Joe Haden motivated by Cavs winning title: ‘The Cleveland curse is over’
No professional sports team in Cleveland had won a championship in 52 years prior to the Cavaliers’ incredible comeback against the Golden State Warriors in the NBA Finals. Now that the drought is over, can one of the city’s other franchises follow suit?
Try not to laugh, but Joe Haden is hoping the Browns will be next.
“The Cleveland curse is over. We’ve finally got a champion in northeast Ohio,” Haden wrote in a guest feature for The MMQB. “Over my seven years as a Brown, I got so tired of hearing about the curse, about no team in the city winning a championship since the Browns won in 1964. But you’ve got to go out and end it, not just talk about ending it.
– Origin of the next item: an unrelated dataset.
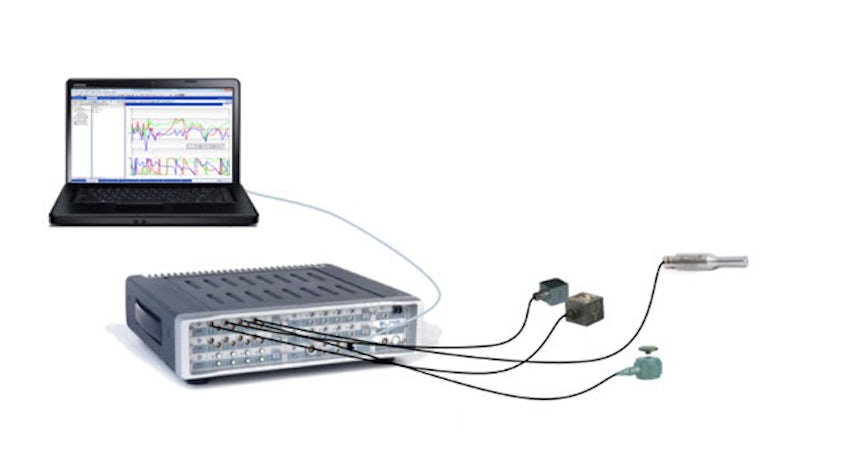 simcenter-nvh-test-measure-640x360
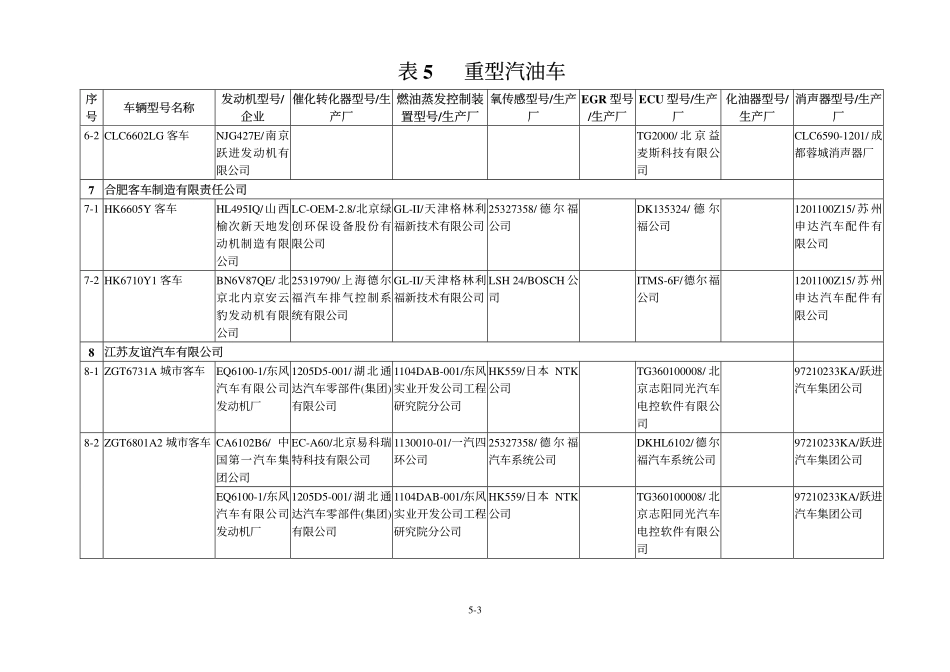 重型燃气车(1)_第3页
And that’s what the Cavaliers did.
All shots at the Browns aside, Haden actually wrote a very captivating account of witnessing the Cavs win it all. He sat courtside during Game 6 and witnessed a vintage performance from LeBron James. He was then at a Cleveland bar during LeBron’s triple-double on Monday night.
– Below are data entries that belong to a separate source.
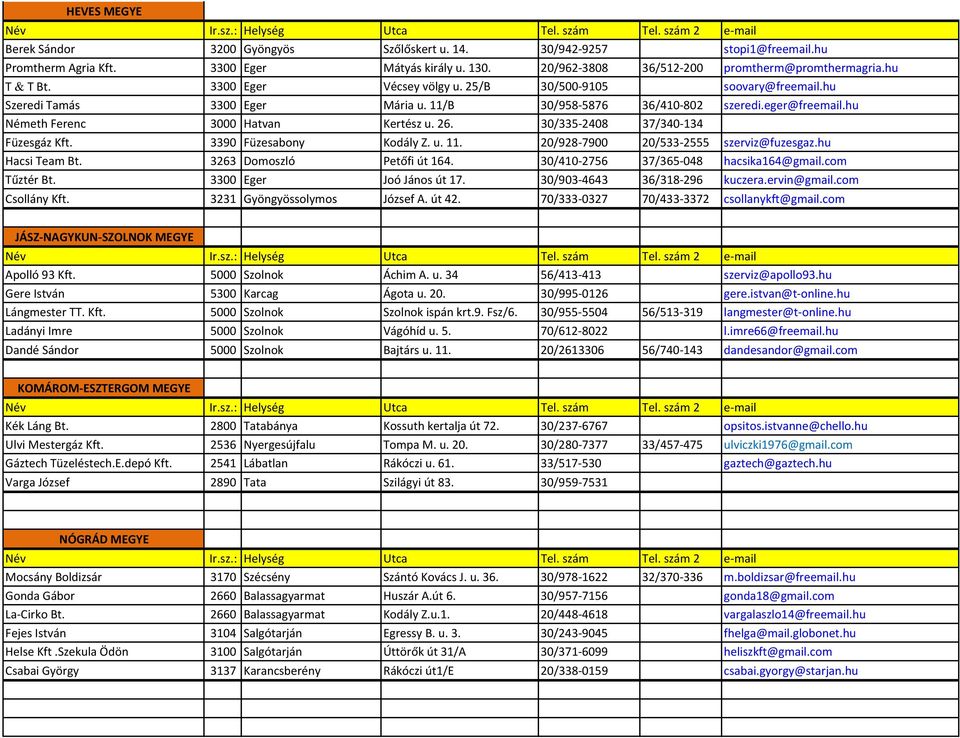 26. 30/335-2408 37/340-134 Füzesgáz Kft. 3390 Füzesabony Kodály Z. u. 11. 20/928-7900 20/533-2555 szerviz@fuzesgaz.hu Hacsi Team Bt. 3263 Domoszló Petőfi út 164.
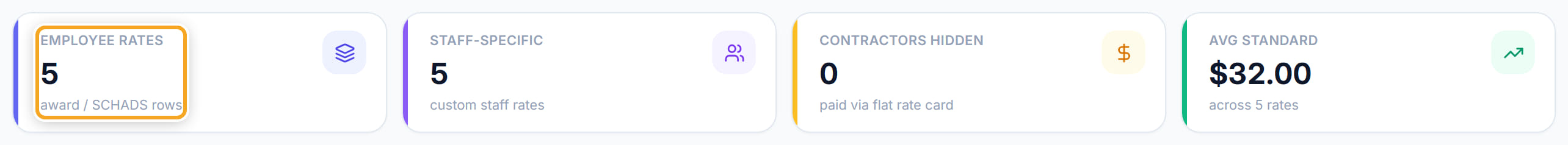 Staff Rates, step 2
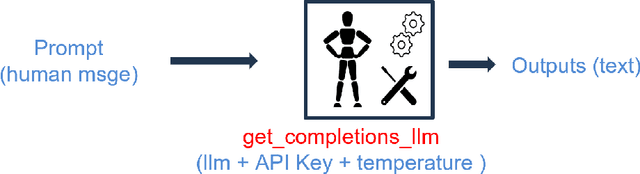 Figure 2 for AutoFLUKA: A Large Language Model Based Framework for Automating Monte Carlo Simulations in FLUKA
“The emotion in the streets downtown … just unbelievable,” Haden wrote. “People flooding the streets, throwing toilet paper and celebrating, screaming. Insane. I’ve never seen anything like it. Never anything close. But that’s probably to be expected when you haven’t won a title for so long.”
Haden added that watching the Cavs erase a 3-1 series deficit and somehow win Game 7 in the toughest road venue in their sport should serve as motivation for his team.
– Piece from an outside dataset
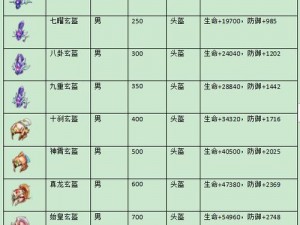 仙域争霸双开挂机软件推荐——双开仙域争霸的详细图文教程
“There’s a lesson in that for all of us in Cleveland. I know it’s a lesson that’s going to help me,” he said. “So the Curse is dead. The Cavaliers are champs. Now we’ve got to work like LeBron and the Cavs to get ours. This is motivation for our city, and motivation for our team. I am just so ready to go win a championship right now.”
You’ll have to excuse us for being skeptical, as the Browns are not in the situation the Cavs were put in when LeBron returned. Basketball is a more individually-dominated sport, and the Cavs have the best player in the game. The Browns would do well to get to .500 in the next few years, especially if they’re relying on a career revival from this guy to get them there.
You can’t blame Haden for showing some optimism, but that doesn’t make it realism just yet.